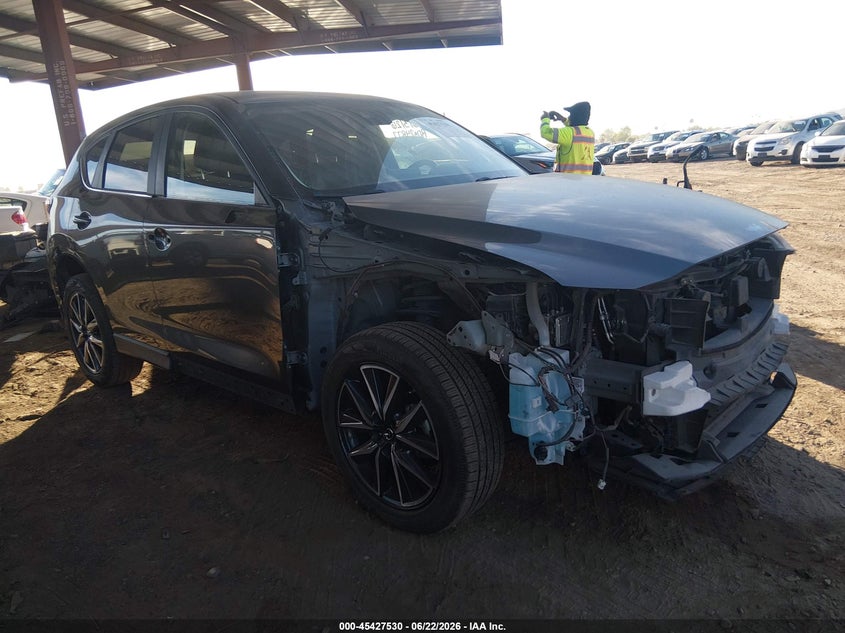 2018 Mazda Cx-5 VIN JM3KFACM7J0401680 IAAI salvage auction — RIGHT FRONT, Salvage Title, sold $3,400 on 2026-07-28 (photo 6)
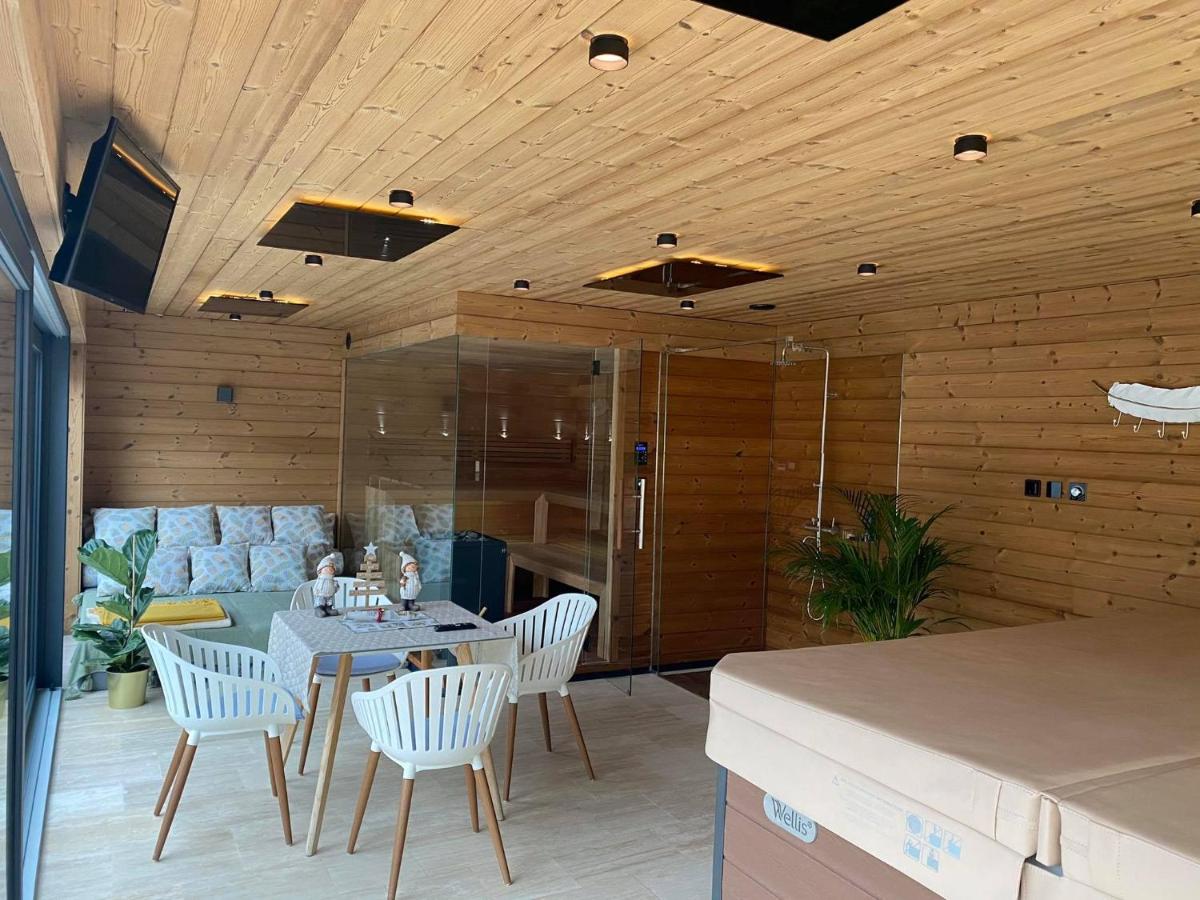 Suitetrails - DV Premium Apartments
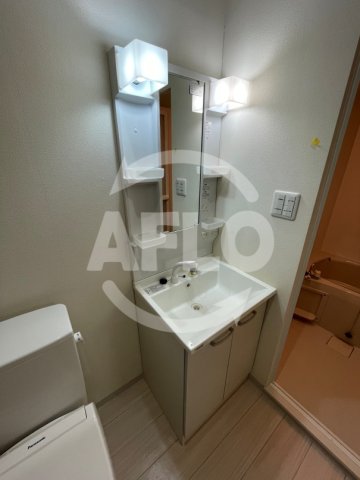 洗面設備　フォレスタ長居　独立洗面台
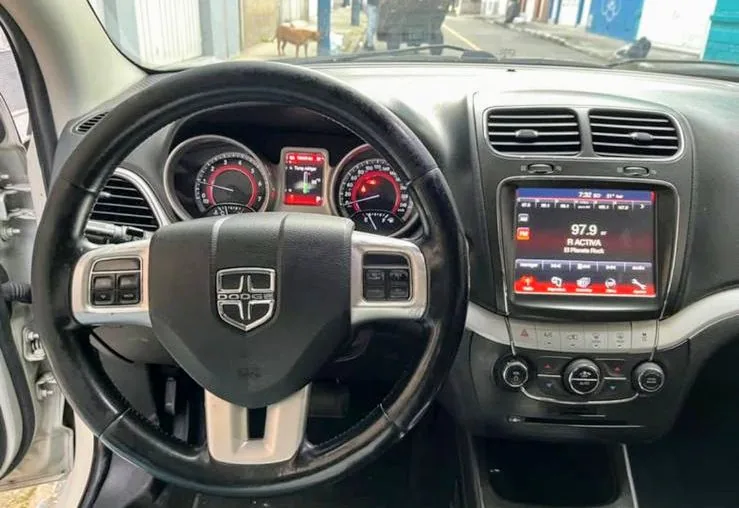 Caminhonete Dodge Journey 2100 2.4 Se 7A  AT en Bogotá — foto 5
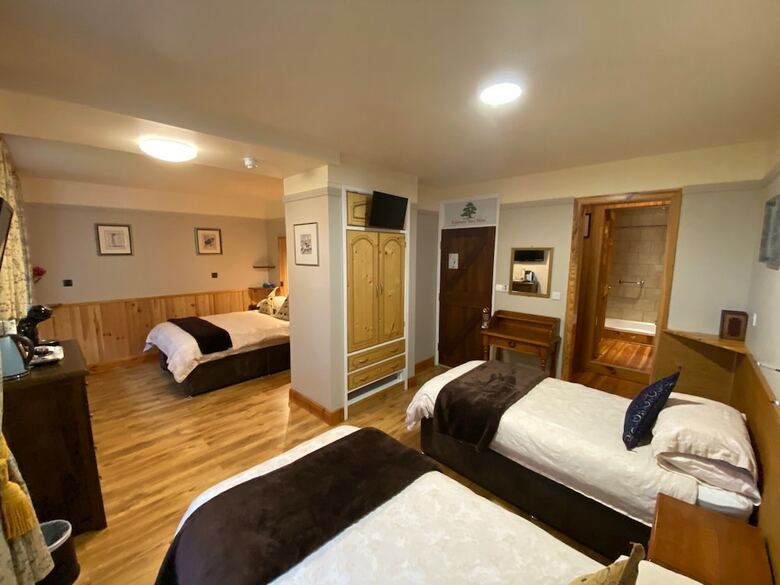 Kylemore Pass Hotel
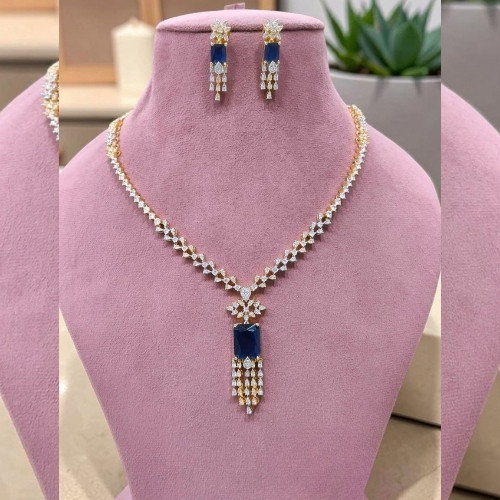 Noor Drop Charm Pendant Set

- **Task item**:
If an entry contains a picture, leave it out and repeat the rest exactly.

- **Exercise solution**:
 2018 Mazda Cx-5 VIN JM3KFACM7J0401680 IAAI salvage auction — RIGHT FRONT, Salvage Title, sold $3,400 on 2026-07-28 (photo 6)
 Suitetrails - DV Premium Apartments
 洗面設備　フォレスタ長居　独立洗面台
 Caminhonete Dodge Journey 2100 2.4 Se 7A  AT en Bogotá — foto 5
 Kylemore Pass Hotel
 Noor Drop Charm Pendant Set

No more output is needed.